Si les prix demeurent inchangés, la perte de marge devra être absorbée par les différents acteurs de la chaîne, comme le souligne Niels Eggerding, PDG de Frederique Constant et Alpina. Selon lui, ce fardeau doit être partagé entre fabricants, distributeurs et détaillants. « Nous avons déjà observé ce phénomène en Inde », ajoute-t-il, où les droits de douane s’élèvent à environ 20 %. Les marques choisissent souvent de réduire leur marge pour conserver des parts de marché.
Cela peut sembler anodin pour certaines marques, tant que les ventes continuent, mais tous les clients ne voyagent pas. La baisse des ventes aux États-Unis impacte particulièrement les marques de volume dans le segment des prix moyens, qui représentent une part essentielle de l’industrie horlogère.

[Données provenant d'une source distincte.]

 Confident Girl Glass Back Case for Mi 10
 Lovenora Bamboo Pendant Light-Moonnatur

De nombreuses marques possèdent également leurs propres boutiques aux États-Unis. Si les clients ne se rendent pas dans ces points de vente, les conséquences se font sentir immédiatement. Même les marques collaborant avec des détaillants multimarques ont un intérêt à éviter un effondrement des ventes.
Une Industrie en Détresse
Les nouveaux droits de douane interviennent à un moment où l’industrie horlogère suisse traverse déjà une période délicate. En 2024, les exportations ont diminué, et la légère atténuation de cette baisse est principalement attribuée au marché américain.

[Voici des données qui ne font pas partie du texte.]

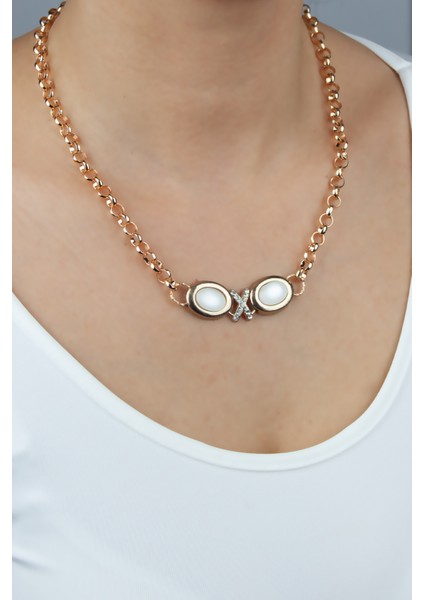 Halka Zincir Inci Detay Kolye fiyatları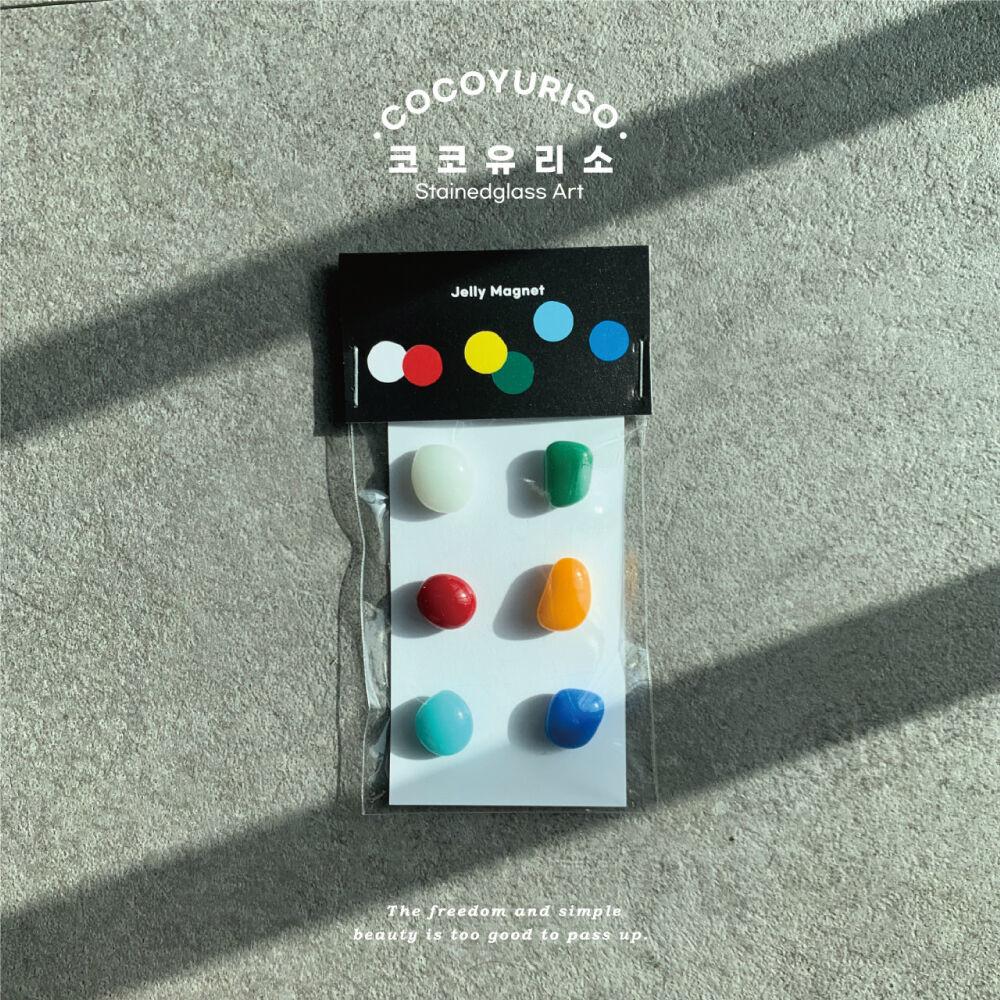 젤리 유리 자석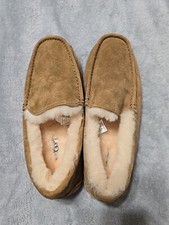UGG ASCOT 5775 CHESTNUT SUEDE SLIPPERS/ SIZE 7 100 AUTHENTIC BRAND NEW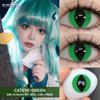 EYESHARE DEMON Red Cosplay Contact Lenses for Eyes Blood-red Pupils Halloween Eye Lens White/Black Softlens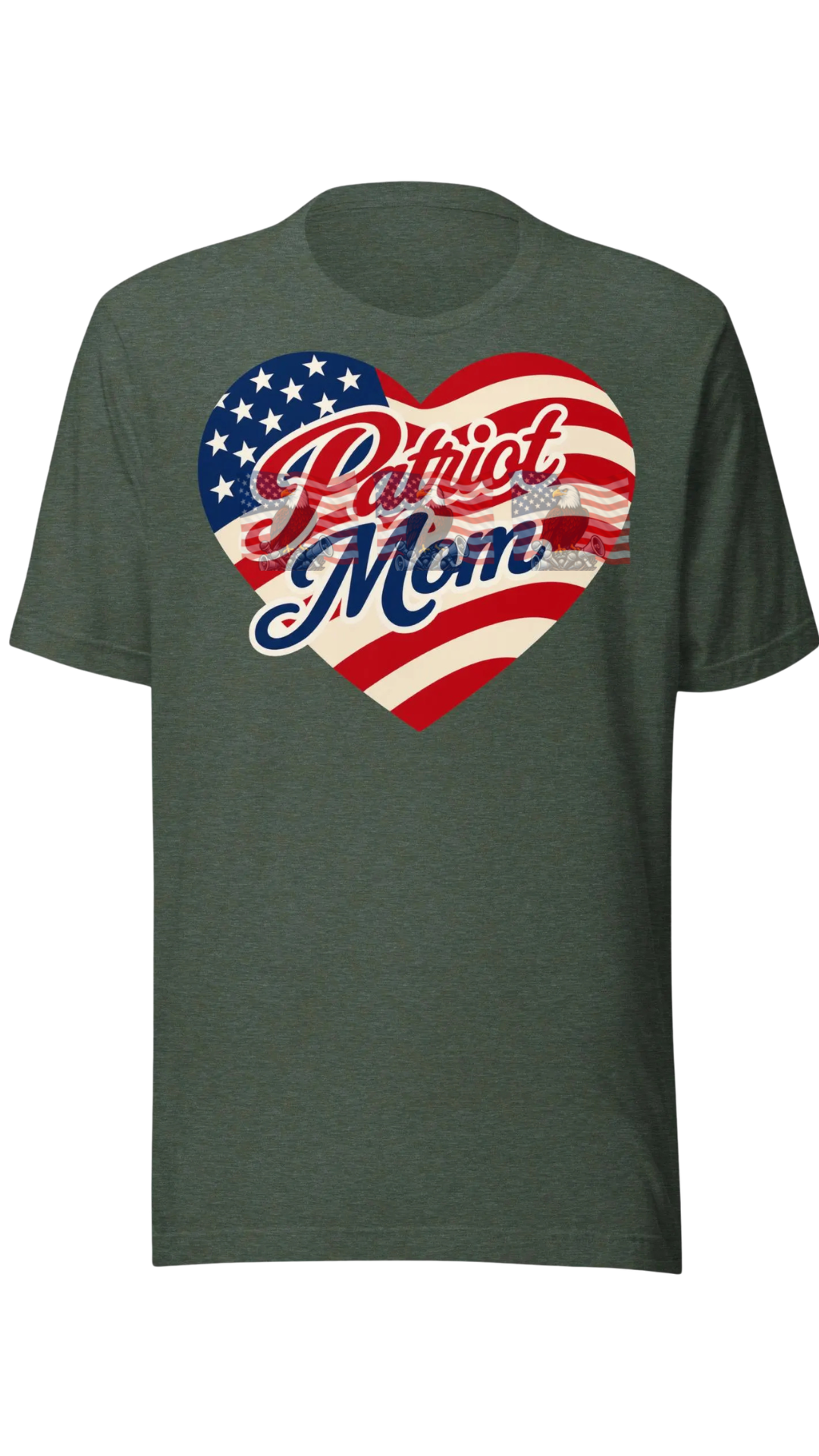 Patriot Mom — Patriotic American Flag Tee | Gift for Mom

Il reste incertain si l’annonce des droits de douane sera mise en œuvre. « Beaucoup de détaillants américains présents sur notre stand pensent que cette situation est encore négociable », indique Küffer. Toutefois, sur les marchés financiers, le doute prédomine : depuis l’annonce, les actions de grandes marques de l’industrie horlogère ont chuté de plus de 10 %, tandis que celles de certaines autres ont même perdu 18 %.
Maintenir le Label Swiss Made
Pour Ben Küffer, il est impératif que la Fédération Horlogère prenne des mesures. « Le Conseil fédéral doit développer un argumentaire soulignant l’absurdité des droits de douane sur les montres suisses. » Ce raisonnement pourrait inclure le fait qu’il n’existe pas d’industrie horlogère haut de gamme aux États-Unis pouvant bénéficier de telles mesures, ou que les marques suisses emploient des milliers de personnes là-bas.

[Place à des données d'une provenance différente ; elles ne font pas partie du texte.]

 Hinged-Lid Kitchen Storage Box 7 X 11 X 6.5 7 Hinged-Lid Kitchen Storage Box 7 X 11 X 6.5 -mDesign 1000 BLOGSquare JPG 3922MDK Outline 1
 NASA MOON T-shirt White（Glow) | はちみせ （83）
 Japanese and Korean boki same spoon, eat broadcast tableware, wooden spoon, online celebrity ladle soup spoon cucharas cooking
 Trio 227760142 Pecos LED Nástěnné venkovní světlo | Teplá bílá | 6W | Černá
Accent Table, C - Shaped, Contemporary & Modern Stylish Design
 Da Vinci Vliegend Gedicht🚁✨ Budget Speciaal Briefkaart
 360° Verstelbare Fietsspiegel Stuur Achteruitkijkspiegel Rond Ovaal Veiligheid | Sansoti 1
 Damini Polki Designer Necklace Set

Les délocalisations de production semblent peu probables, car le label « Swiss Made » est synonyme de qualité et impose des exigences strictes : au moins 60 % de la valeur ajoutée doit être produite en Suisse, et la montre doit y être assemblée et contrôlée.
Il n’est donc pas envisageable de produire toutes les pièces en Suisse, puis de les assembler aux États-Unis tout en conservant l’appellation « Swiss Made ». Cependant, l’idée de délocalisations n’est pas totalement exclue. Edouard Meylan envisage des alternatives, notamment parce que ses montres ne portent pas l’étiquette Swiss Made, bien qu’elles soient entièrement fabriquées en Suisse.
« Nous avons un centre de service aux États-Unis », confie Meylan. « Je me demande si nous devrions envisager d’assembler pour le marché américain là-bas. » Toutefois, une telle démarche nécessiterait un investissement considérable et semble, pour le moment, peu judicieuse.